The California Supreme Court will hear oral arguments in the ALADS on June 5. The court must fix this constitutional crisis. The Pitchess statutes must allow a prosecutor to affirmatively review an officer's personnel file for Brady material. At minimum, the statutes must allow police agencies to provide Brady lists to prosecutors. If such an interpretation is impossible, the supremacy clause requires the court to strike down the Pitchess statutes as unconstitutional.

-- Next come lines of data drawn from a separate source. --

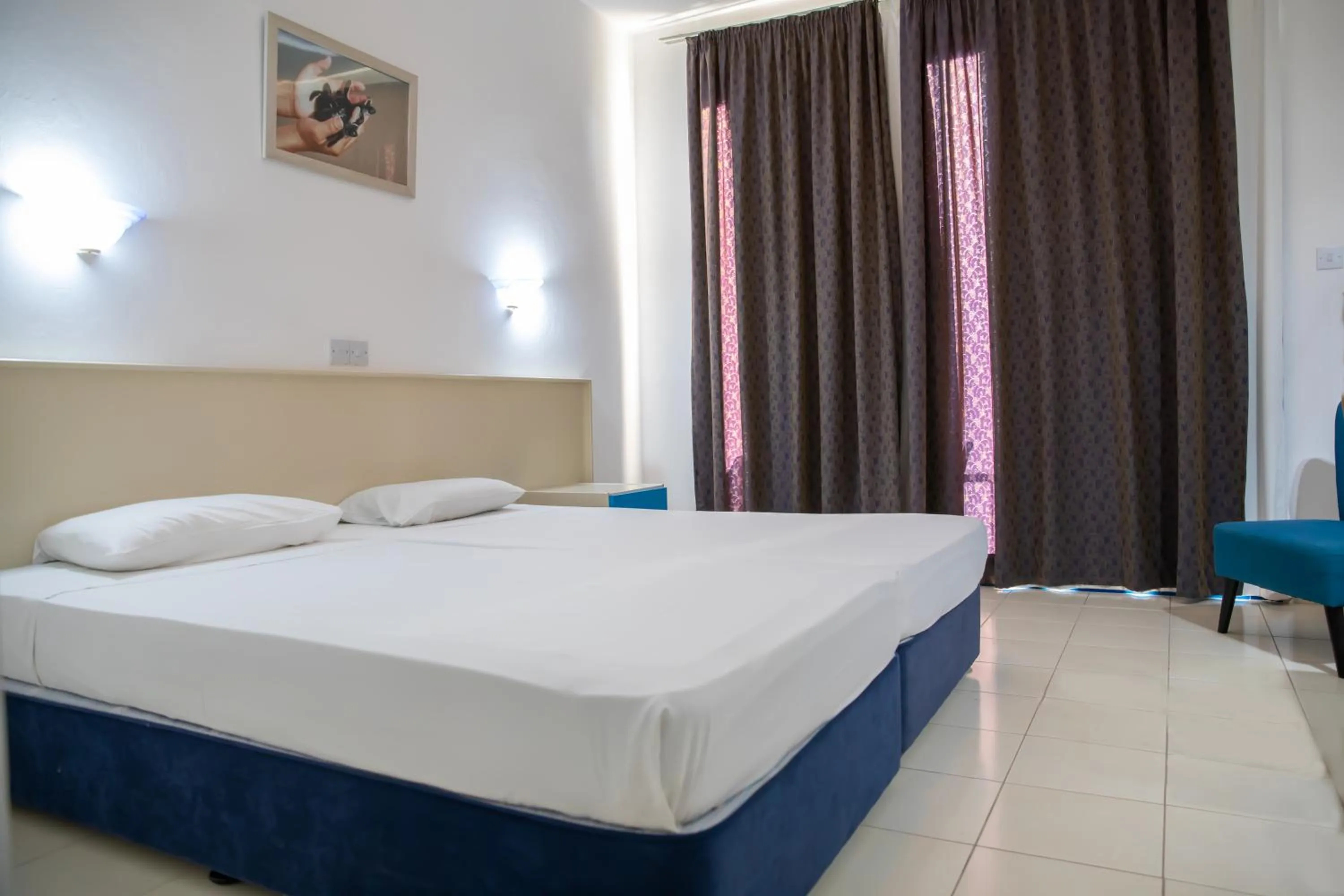 Bed in West End Hotel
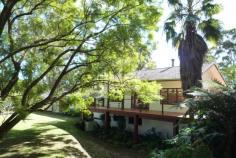 1492B Coramba Rd Coramba NSW 2450 Property ID:     39P1217 Property Type:     House Land Size:     5 acres approx. Bed     3 Bath     2 Park     2 Construction:     Rendered brick and tile Outgoings:     Council Rates: $1178 / yr Features     Built-In Wardrobes     Close to Shops     Close to Schools     Balcony     Outdoor Entertaining Area     Dishwasher Nestled onto a treed 5 acre block, this value packed home boasts a 'feel good' factor that immediately makes you feel like you've come home! Spacious rooms of yesteryear and beautiful hardwood timber flooring set the mood in this immaculate home. Offering 3 spacious bedrooms, high ceilings , 2 living areas and a wonderful sense of openness this is a home to be lived in and enjoyed. The large living/dining area opens through stunning timber doors to the sensational wrap deck designed to make entertaining a breeze and allowing you to let the good life begin. The well appointed kitchen makes entertaining a breeze and overlooks the valley, there is ample room for a pool, add a woodfire, loads of natural light and all the bases are covered. There's plenty of garaging/parking and an abundance of wildlife adds to this idyllic lifestyle. Priced to sell, our owners are keen to secure a quick sale. We have obtained all information in this document from sources we believe to be reliable; however, we cannot guarantee its accuracy. Prospective purchasers are advised to carry out their own investigations.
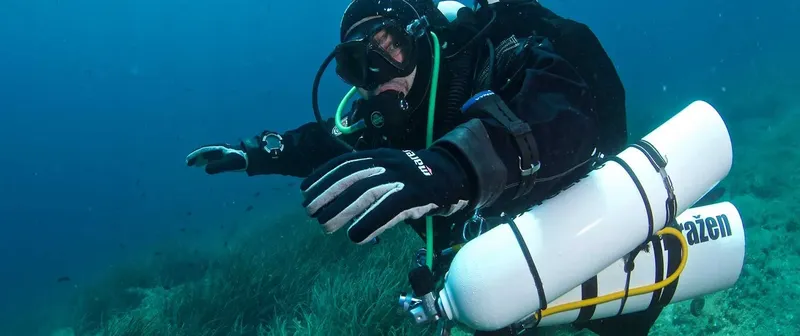 Plongeur en combinaison noire nageant sous l'eau avec son équipement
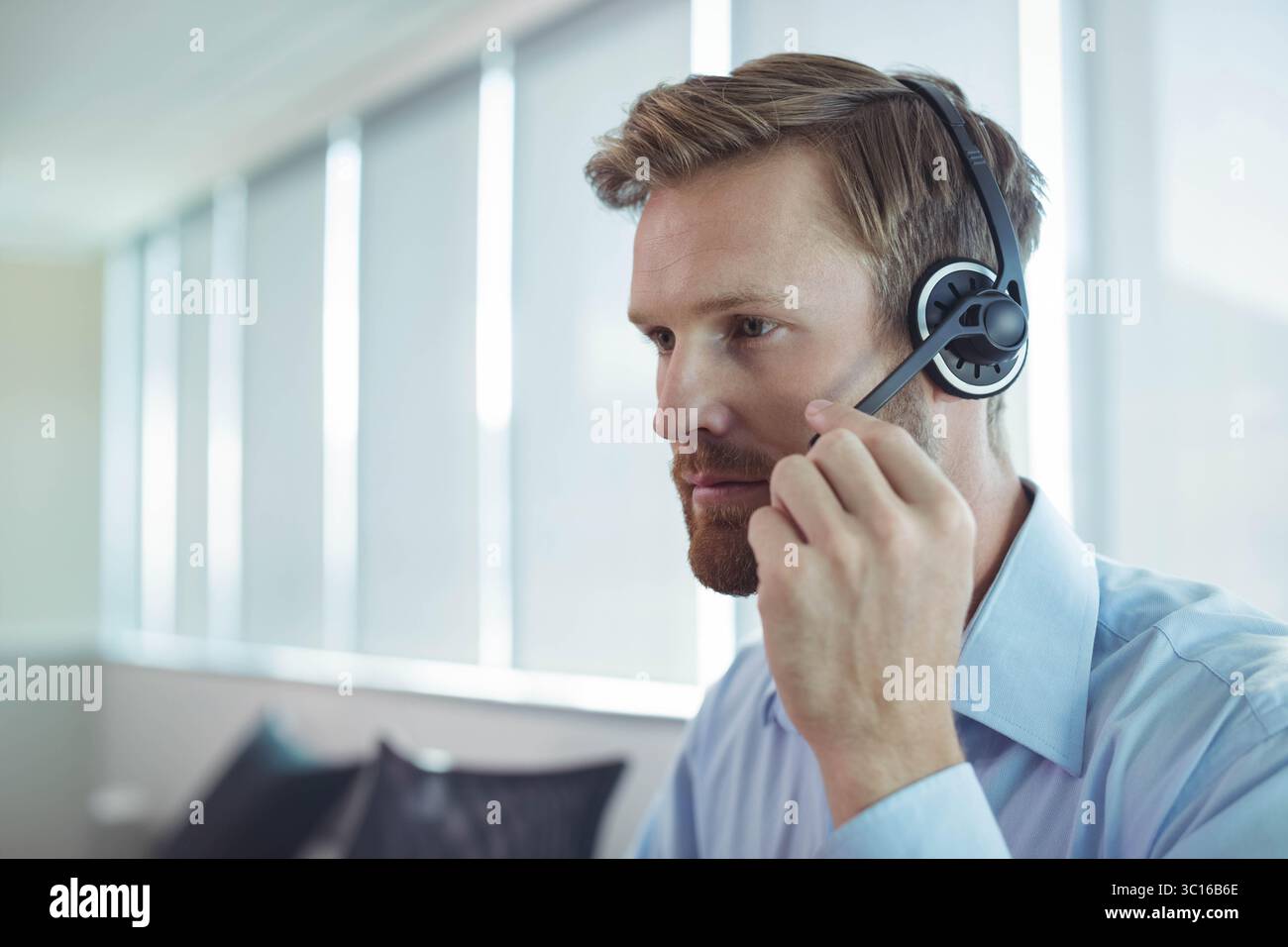Männlicher Büroangestellter, der ein Hemd trägt, das Headset-Mikrofon am Bürotisch mit Jalousien, Kopierraum anpasst Stockfoto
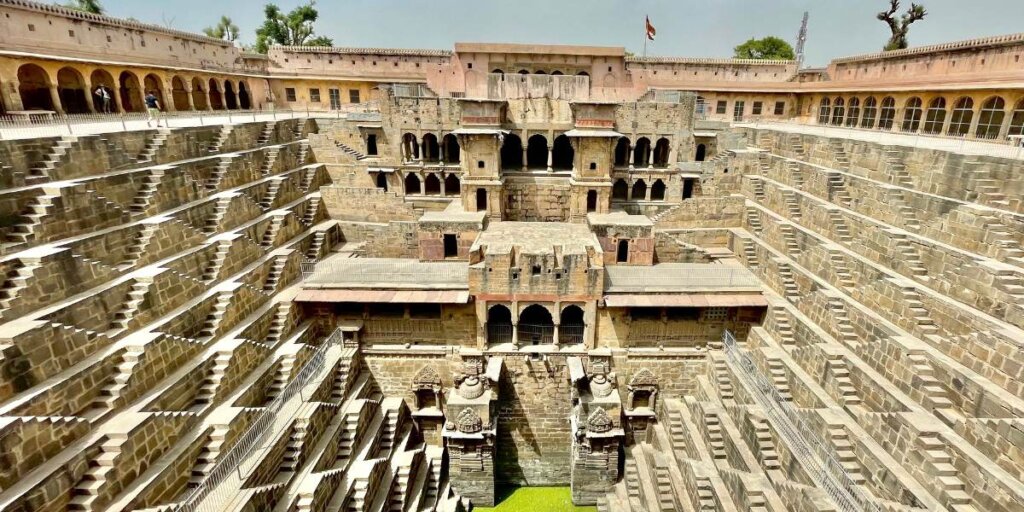 View of Chand Baori, a stepwell in Abhaneri, Rajasthan, India, showcasing its intricate geometric design. The stepwell features symmetrical staircases on three sides leading down to the water, with a multi-storied pavilion and ornate arches on the fourth side. The stone architecture displays detailed carvings and the well is surrounded by high walls.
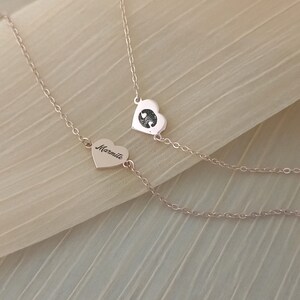 May include: Two gold heart necklaces, one with the word "Mummy" engraved on it and the other with two small hearts inside. The necklaces are on a beige fabric background.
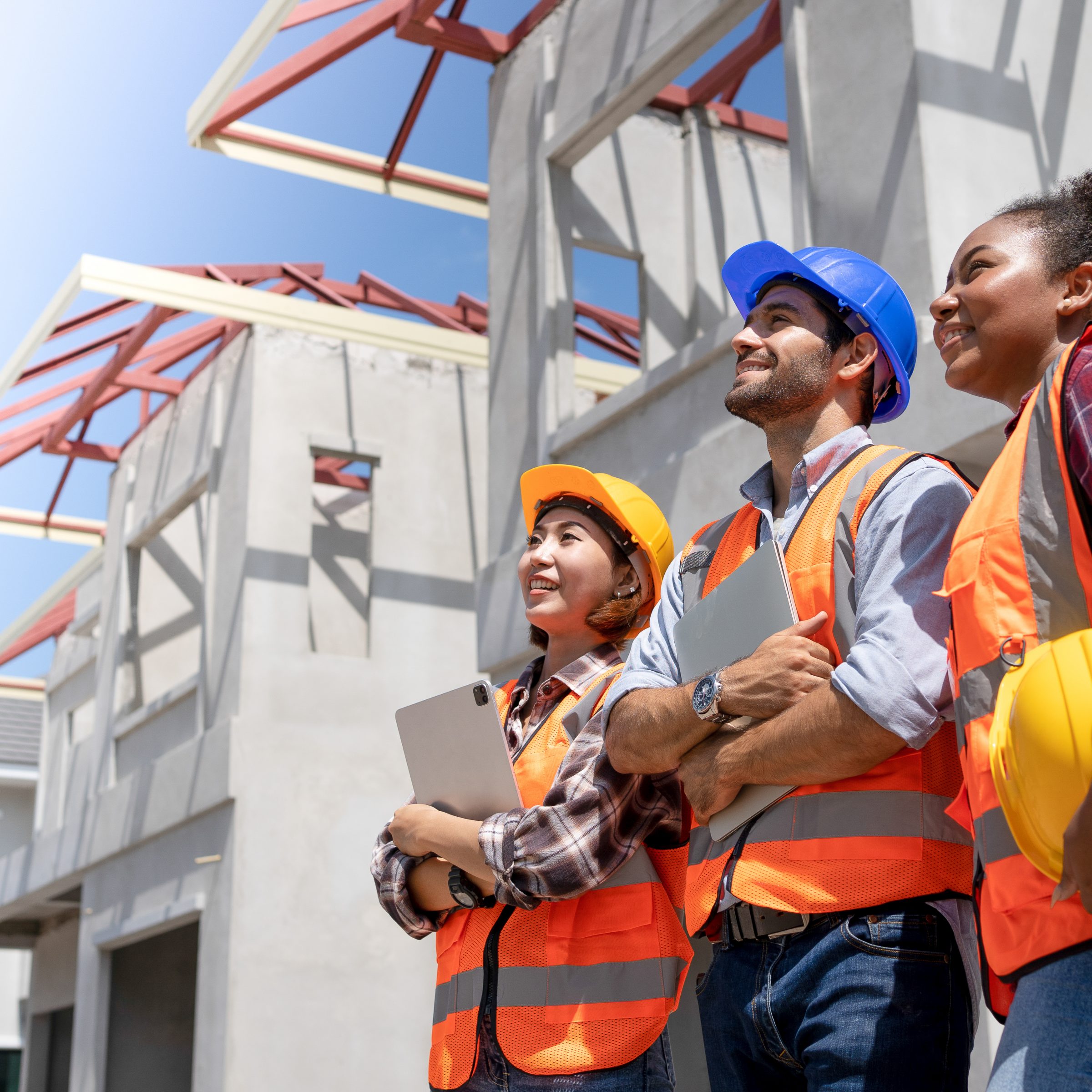 Image of a group of people in hardhats and high-visibility vests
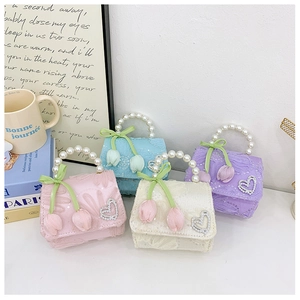Detail of floral lace mini bags with pearl handles and tulip charms in four pastel colors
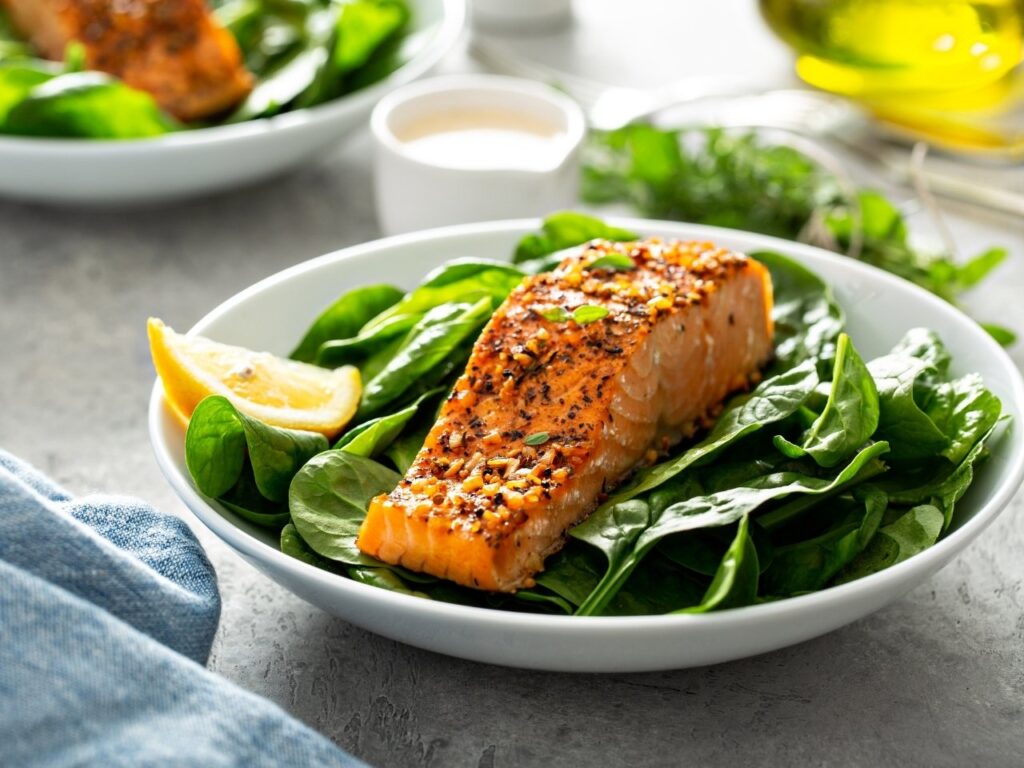 Za’atar-spiced salmon fillet served on a bed of fresh spinach with lemon wedge – a Mediterranean dish rich in omega-3s to support perimenopause brain fog.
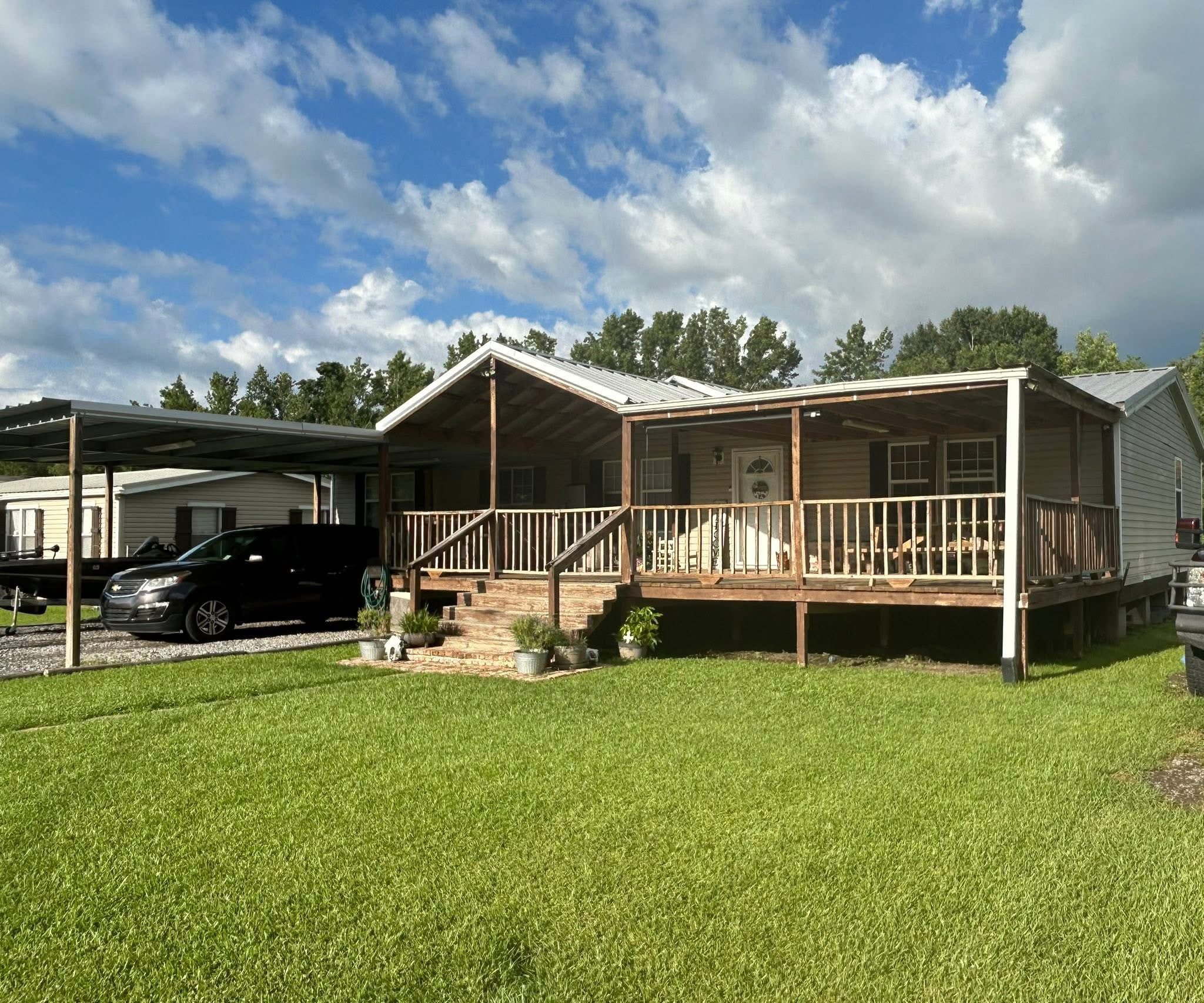 A cozy house with a large wooden porch is shown on a sunny day. A black car is parked under a carport beside the house, set against a vibrant green lawn.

In the age of viral videos, public support for law enforcement transparency is at an all-time high. Recognizing this, the Legislature recently modified the Pitchess statutes to remove the "confidentiality" designation from certain categories of egregious officer misconduct -- but the changes do not cover all behavior that should be disclosed under Brady, and it is unclear whether the changes are retroactive. Even so, these changes reflect the Legislature's view that officers' privacy interests are not paramount to all others and support the reversal of ALADS.
ALADS threatens the integrity and finality of California criminal proceedings. The decision unfairly undermines the public's trust in well-meaning prosecutors and officers who just want to do their jobs. Law enforcement agencies want to share with prosecutors their Brady lists, if only the courts would let them. The California Supreme Court should hold that the Pitchess statutes allow -- and the U.S. Constitution requires -- them to do so.